Volumes in the global foreign-exchange market are increasing as traders expand activities in developing nations and banks focus on the currency markets while stricter regulations after the financial crisis threaten earnings from other divisions. Transactions jumped this year as diverging economies stoked increasing swings in exchange rates. “Post the financial crisis in 2008, foreign exchange has been a very interesting asset class for banks and investors to focus on because of the liquidity and diversity,” said Vincent Craignou, the London-based global head of foreign exchange and precious metals derivatives at HSBC Holdings Plc. “It has also become extremely competitive because a lot of banks have been keen to grow market share.”

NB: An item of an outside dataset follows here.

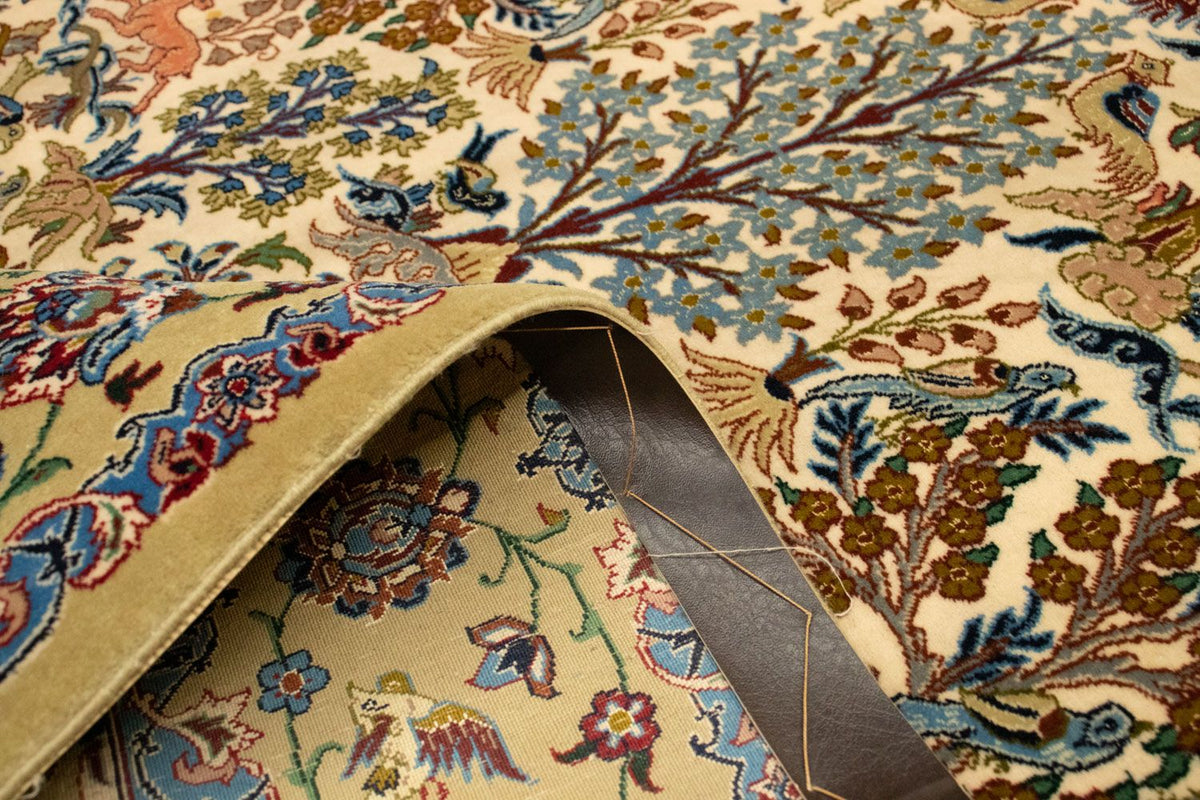 Perzisch tapijt - Isfahan - Premium - 170 x 109 cm - beige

The U.S. dollar increased its lead as the most-traded currency in the three years through April, the BIS said. It was on one side of 87 percent of all trades, an increase of 2 percentage points since the previous survey. Yen trading surged 63 percent between 2010 and 2013, according to the BIS report, with the most notable increase in activity occurring between October 2012 and April 2013. That period preceded the announcement from the Bank of Japan on April 4 that it would buy an unprecedented 7 trillion yen ($71 billion) of bonds a month in an attempt to achieve a 2 percent inflation goal within two years. The yen slid more than 15 percent versus the dollar from the end of September 2012 through end March, and tumbled to the lowest versus the dollar since October 2008 in May of this year.
The increases in trading is boosting bank earnings. Goldman Sachs Group Inc., based in New York, said in July that its currency-trading operation had “significantly higher” revenue in the second quarter than in the year-earlier period. Credit Suisse Group AG, Switzerland’s second-biggest lender, said July 25 that increased currency volatility helped boost second- quarter earnings.
The euro’s share of the foreign-exchange market slumped to 33 percent, the smallest share since the introduction of the 17- nation common currency, from 39 percent in April 2010, the Basel, Switzerland-based BIS said today. The decline followed the euro-area’s debt crisis, which left the region’s economy in a record-long recession and pushed the bond yields of Spain and Italy to the highest since the common currency was introduced in 1999. Greece, Ireland and Portugal all entered financial- assistance programs since the previous BIS survey. The European Central Bank introduced unlimited three-year loans under its Longer-Term Refinancing Operation to ease a banking crisis, as well as promising to buy the bonds of highly-indebted nations that requested assistance.
The BIS was formed in 1930 and acts as a central bank for the world’s monetary authorities. Its Central Bank Survey of Foreign Exchange and Derivatives Market Activity is based on data from 53 jurisdictions. The role of the Chinese yuan in foreign-exchange trading “surged in line with efforts to internationalize the Chinese currency,” the BIS said. Turnover in the Chinese currency jumped to $120 billion a day from $34 billion a day in April 2010 as it became the ninth most-actively traded currency with a 2.2 percent share of global volumes.
Trading became increasingly concentrated within the world’s major financial centers during the survey period, the BIS report showed. The U.K., U.S., Singapore and Japan accounted for 71 percent of foreign-exchange trading, up from a combined share of 66 percent through April 2010. The U.K. increased its role as the largest center of foreign-exchange activity, with 41 percent of global turnover, compared with 37 percent in 2010. Singapore overtook Japan to become the world’s third-largest trading center.
Other financial institutions, which include hedge funds, institutional investors and other non-dealers, added the most growth to foreign-exchange trading, the survey said. Regional and smaller banks that are the clients of dealers accounted for about 24 percent of global currency turnover. Proprietary trading firms, hedge funds and institutional investors each made up about 11 percent of trading. Sovereign-wealth funds and central banks accounted for less than 1 percent, the BIS said.
Interdealer trading increased 34 percent to $2.1 trillion a day in 2013, compared with $1.5 trillion a day three years earlier, a share that was “roughly constant,” the BIS said.
Trading by non-financial customers, which includes governments and corporation, with dealers fell to $465 billion a day this year from $532 billion a day in 2010. Spot foreign-exchange trading grew 38 percent to $2 trillion each day, which was about 40 percent of the increase in global currency activity between this year and 2010, the BIS said. That segment of the market expanded 48 percent in 2010 from three years earlier. Foreign-exchange swaps grew 27 percent in 2013, with daily volume of $2.2 trillion, or 42 percent of all currency transactions. Swaps accounted for 44 percent of transactions in 2010, the survey said. Trading in currency forwards and options increased “more strongly,” the BIS said. Options trading grew 60 percent as the two segments taken together accounted for almost 25 percent of global currency-trading growth since 2010.